DIRECTIONS FOR THIS TASK —
Lines from the top of the entries through the line that has "مجرد شعار… ثقة" must be duplicated exactly, and no others.

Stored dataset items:
※ ※ ※

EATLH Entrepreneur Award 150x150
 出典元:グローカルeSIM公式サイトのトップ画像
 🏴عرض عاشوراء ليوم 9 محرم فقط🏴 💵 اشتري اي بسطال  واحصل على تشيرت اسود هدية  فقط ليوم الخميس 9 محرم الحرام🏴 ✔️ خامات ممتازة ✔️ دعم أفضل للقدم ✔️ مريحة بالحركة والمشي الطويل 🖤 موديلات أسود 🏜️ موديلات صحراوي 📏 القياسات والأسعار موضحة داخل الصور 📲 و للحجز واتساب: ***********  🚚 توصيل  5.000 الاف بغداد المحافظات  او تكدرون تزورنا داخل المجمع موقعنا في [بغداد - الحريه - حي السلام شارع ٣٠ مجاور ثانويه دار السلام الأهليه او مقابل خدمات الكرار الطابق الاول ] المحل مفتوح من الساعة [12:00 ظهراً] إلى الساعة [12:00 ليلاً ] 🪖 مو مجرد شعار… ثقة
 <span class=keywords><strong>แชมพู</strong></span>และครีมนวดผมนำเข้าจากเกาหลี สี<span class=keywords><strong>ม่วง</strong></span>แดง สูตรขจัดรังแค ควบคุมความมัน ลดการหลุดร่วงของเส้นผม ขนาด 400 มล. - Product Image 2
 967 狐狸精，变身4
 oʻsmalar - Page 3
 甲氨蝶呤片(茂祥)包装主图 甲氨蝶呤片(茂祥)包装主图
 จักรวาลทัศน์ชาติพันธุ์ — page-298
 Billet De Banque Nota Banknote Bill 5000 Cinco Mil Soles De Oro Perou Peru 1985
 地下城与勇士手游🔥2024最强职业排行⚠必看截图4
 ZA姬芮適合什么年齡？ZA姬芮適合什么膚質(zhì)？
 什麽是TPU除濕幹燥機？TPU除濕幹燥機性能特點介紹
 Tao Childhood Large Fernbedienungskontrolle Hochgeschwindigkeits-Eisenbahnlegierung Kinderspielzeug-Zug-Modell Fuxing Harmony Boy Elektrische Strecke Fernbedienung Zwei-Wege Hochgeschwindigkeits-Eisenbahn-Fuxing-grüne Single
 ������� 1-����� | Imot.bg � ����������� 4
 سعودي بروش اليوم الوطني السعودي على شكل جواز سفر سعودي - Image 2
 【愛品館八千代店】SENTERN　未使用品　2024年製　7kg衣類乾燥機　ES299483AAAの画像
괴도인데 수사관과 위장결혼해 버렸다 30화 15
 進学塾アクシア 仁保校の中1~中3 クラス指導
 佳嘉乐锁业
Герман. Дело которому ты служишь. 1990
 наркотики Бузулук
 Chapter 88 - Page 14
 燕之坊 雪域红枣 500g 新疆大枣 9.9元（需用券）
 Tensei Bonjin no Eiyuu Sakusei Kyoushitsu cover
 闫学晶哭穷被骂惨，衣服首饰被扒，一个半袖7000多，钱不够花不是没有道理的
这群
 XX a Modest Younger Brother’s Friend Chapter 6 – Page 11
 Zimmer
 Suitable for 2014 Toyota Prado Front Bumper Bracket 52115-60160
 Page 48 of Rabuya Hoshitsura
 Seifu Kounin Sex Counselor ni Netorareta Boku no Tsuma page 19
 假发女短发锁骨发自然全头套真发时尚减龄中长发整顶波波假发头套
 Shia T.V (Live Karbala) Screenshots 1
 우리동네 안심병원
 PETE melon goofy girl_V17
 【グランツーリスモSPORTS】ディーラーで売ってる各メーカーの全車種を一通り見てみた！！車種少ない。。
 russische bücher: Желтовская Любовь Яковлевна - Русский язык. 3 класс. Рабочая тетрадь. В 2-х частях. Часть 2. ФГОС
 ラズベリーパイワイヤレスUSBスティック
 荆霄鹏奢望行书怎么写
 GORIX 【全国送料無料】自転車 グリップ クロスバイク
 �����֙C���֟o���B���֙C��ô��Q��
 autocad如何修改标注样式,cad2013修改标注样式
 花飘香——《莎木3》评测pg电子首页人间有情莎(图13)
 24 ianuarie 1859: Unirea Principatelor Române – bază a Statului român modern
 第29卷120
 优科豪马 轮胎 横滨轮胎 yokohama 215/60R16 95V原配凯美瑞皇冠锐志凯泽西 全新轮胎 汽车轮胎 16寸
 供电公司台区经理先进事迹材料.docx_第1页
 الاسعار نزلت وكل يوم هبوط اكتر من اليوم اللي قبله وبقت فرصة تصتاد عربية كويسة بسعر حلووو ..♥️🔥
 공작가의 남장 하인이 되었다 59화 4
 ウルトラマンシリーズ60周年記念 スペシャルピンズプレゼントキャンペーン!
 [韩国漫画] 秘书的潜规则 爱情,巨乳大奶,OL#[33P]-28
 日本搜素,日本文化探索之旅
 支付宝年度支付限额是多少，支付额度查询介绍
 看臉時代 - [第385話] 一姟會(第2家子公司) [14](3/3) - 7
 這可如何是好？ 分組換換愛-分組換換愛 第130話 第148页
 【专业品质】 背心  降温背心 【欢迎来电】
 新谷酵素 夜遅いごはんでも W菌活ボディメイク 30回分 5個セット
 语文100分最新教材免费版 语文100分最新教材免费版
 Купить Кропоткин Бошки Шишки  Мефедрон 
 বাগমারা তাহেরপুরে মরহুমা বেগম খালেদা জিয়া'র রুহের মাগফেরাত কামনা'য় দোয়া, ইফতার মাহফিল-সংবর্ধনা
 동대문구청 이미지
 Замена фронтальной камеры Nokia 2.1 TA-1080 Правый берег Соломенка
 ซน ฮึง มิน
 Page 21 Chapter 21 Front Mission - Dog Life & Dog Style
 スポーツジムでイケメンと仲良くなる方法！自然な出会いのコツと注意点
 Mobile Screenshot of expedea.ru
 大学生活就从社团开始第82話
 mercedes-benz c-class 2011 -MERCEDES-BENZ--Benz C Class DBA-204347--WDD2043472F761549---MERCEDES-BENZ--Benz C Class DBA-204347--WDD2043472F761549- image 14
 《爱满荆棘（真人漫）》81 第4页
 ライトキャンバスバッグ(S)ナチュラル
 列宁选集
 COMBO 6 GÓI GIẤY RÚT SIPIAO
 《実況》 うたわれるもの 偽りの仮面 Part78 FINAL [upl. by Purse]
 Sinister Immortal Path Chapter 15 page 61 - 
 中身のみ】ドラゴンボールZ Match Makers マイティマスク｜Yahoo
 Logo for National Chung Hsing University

※ ※ ※

TASK SOLUTION —
EATLH Entrepreneur Award 150x150
 出典元:グローカルeSIM公式サイトのトップ画像
 🏴عرض عاشوراء ليوم 9 محرم فقط🏴 💵 اشتري اي بسطال  واحصل على تشيرت اسود هدية  فقط ليوم الخميس 9 محرم الحرام🏴 ✔️ خامات ممتازة ✔️ دعم أفضل للقدم ✔️ مريحة بالحركة والمشي الطويل 🖤 موديلات أسود 🏜️ موديلات صحراوي 📏 القياسات والأسعار موضحة داخل الصور 📲 و للحجز واتساب: ***********  🚚 توصيل  5.000 الاف بغداد المحافظات  او تكدرون تزورنا داخل المجمع موقعنا في [بغداد - الحريه - حي السلام شارع ٣٠ مجاور ثانويه دار السلام الأهليه او مقابل خدمات الكرار الطابق الاول ] المحل مفتوح من الساعة [12:00 ظهراً] إلى الساعة [12:00 ليلاً ] 🪖 مو مجرد شعار… ثقة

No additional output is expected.